Lotus Flower photo taken at GSS College Garden( Belgaum, Karnataka , India),5 October 2006,Nivedita Patil, Wikimedia Commons
Lotus Flower photo taken at GSS College Garden( Belgaum, Karnataka , India),5 October 2006,Nivedita Patil, Wikimedia Commons

 

Pour de très nombreuses personnes, la vie est tout sauf un long fleuve tranquille. Trouver sa place, faire son chemin est souvent difficile et prend du temps. Les enfants doués doivent en plus faire face aux obstacles liés à leur différence qui sont à la mesure de leurs ressources.

Avec les décennies de nombreuses personnes finissent heureusement par faire leur chemin, par se libérer de leurs entraves et de leurs traumatismes, et par trouver une place au moins acceptable pour elles. Il est alors nécessaire et légitime d’accueillir et de goûter les fruits de son propre chemin. Cela n’est pas toujours simple pour des personnes qui doivent lutter et investir énormément d’énergie pour arriver justement à se tracer un chemin dans une jungle d’obstacles et d’entraves. A force d’être perpétuellement dans la lutte, il est facile de minimiser ce qu’on a déjà atteint et de négliger d’en goûter consciemment les fruits. Et les enfants doués aimeraient pouvoir en faire tellement plus que, quoi q’ils aient réussi, ils ont toutes les chances de « ne se sentir ‘que‘ là sur leur chemin »…

Certaines étapes sont plus marquantes que d’autres et elles méritent encore plus d’être appréciées. Avec le temps, au fur et à mesure que la personne trouve sa place et se situe moins dans une dynamique de lutte permanente, cela devient aussi plus facile.

Arriver à nouer une relation amoureuse durable, saine, respectueuse, féconde (pour l’un-e et pour l’autre) et de qualité avec un-e partenaire est certainement l’une d’entre elles.

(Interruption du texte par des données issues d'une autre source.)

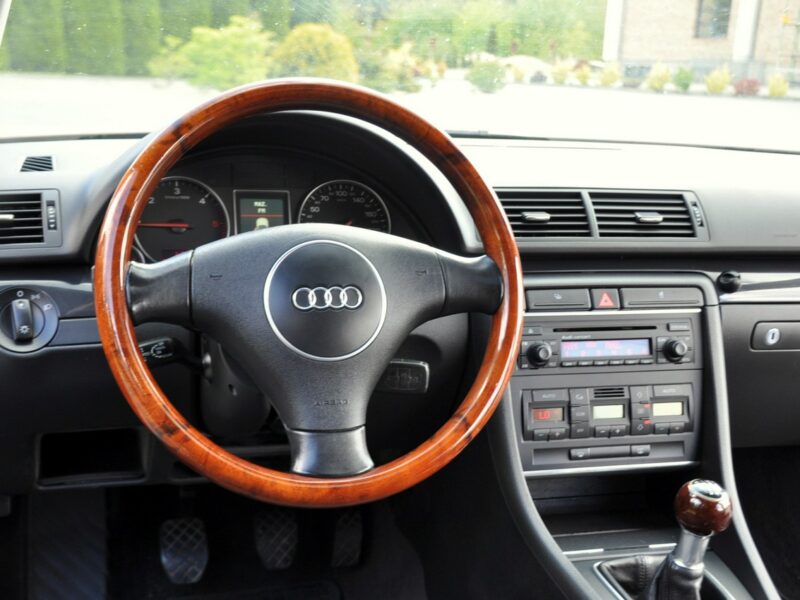 Audi A4 1.9TDi(130KM)*Bi-Xenon*Klimatronik*Welur*Reling*Szyber*Alu17"ASO Audi B6 (2000-2004)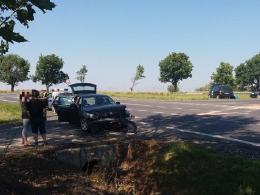 Zderzenie BMW i citroena pod Brzegiem. 2 osoby w szpitalu.
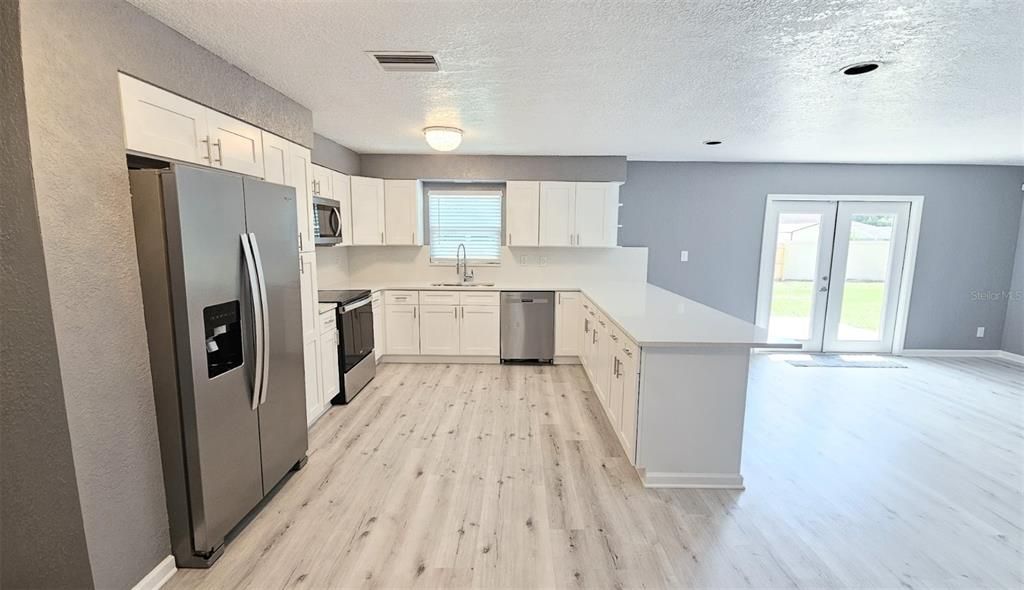 待售: $345,900 (4 贝兹, 2 浴室, 1427 平方英尺)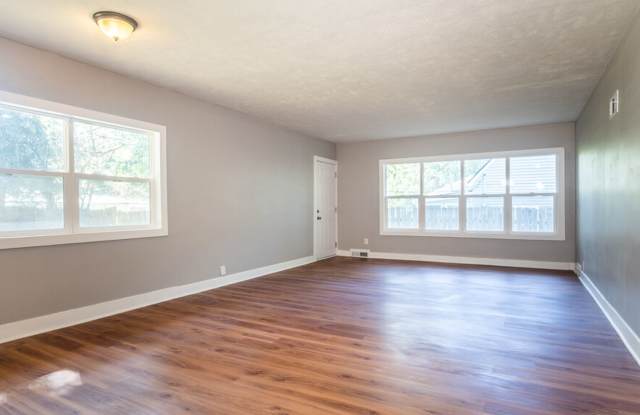2BD/1BA Single Family Home won't be available for long! Gallery 4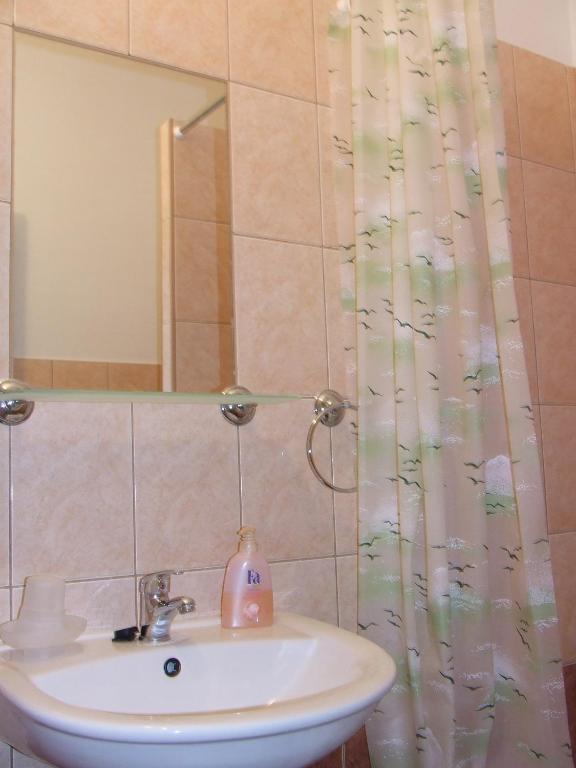 Zatonyi Csarda Panzio Bed and Breakfast Dunasziget Rum bild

Arriver à trouver une place qui soit satisfaisante et qui corresponde à notre besoin de sens dans une société humaine qui reste ce qu’elle est avec ses absurdités, ses injustices et ses horreurs en est une autre.

De même, arriver à trouver un équilibre professionnel satisfaisant dans un environnement qui est devenu très difficile pour tout le monde en est encore une autre.

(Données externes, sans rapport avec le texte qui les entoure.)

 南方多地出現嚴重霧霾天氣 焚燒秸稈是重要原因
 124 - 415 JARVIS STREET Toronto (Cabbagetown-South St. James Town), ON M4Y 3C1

Avoir fait assez de chemin, être devenu-e assez vivant-e pour pouvoir se libérer progressivement du plus gros des traumatismes qui nous ont entravé pendant des décennies et pouvoir « laisser partir » les auteurs de ces traumas est aussi une étape essentielle.

Avoir pu mettre des mots sur sa propre dimension spirituelle, avoir pu trouver comment en prendre soin et la laisser grandir est une autre expérience très précieuse, digne d’être accueillie et célébrée.

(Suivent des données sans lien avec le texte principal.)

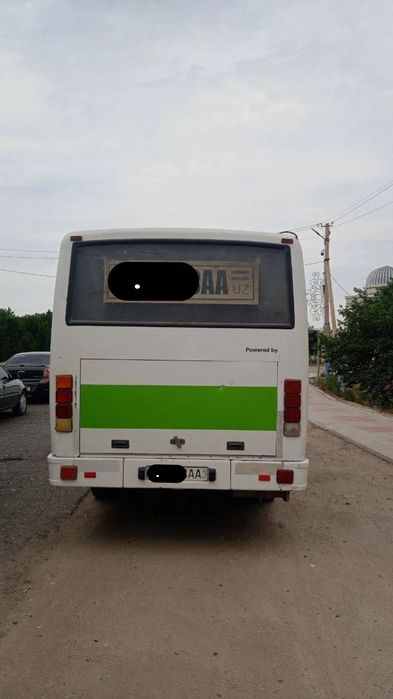 Isuzu Np37 2011yil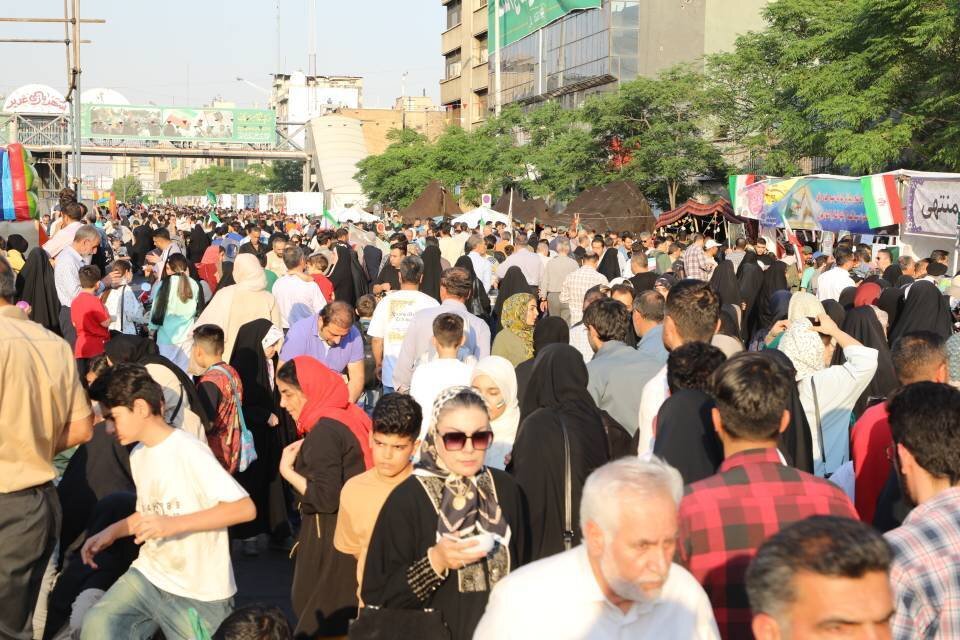 از میزبانی هزاران شهروند تهرانی تا جمعآوری ده تن پسماند در میهمانی کیلومتری غدیر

Avoir trouvé un équilibre entre le soin des autres et celui de soi (que les enfants doués ont tellement tendances à négliger) est également précieux.

Avoir trouvé comment satisfaire sa soif de beauté et nourrir son expression créative est un autre point important qui contribue à l’équilibre, à la qualité et au sens de la vie des enfants doués.

Avoir continué son chemin et continué de grandir au point de pouvoir se vivre en confiance profonde avec soi-même, en paix avec soi-même et avec la société qui nous entoure (qui, une fois encore, reste ce qu’elle est) est aussi une étape très marquante.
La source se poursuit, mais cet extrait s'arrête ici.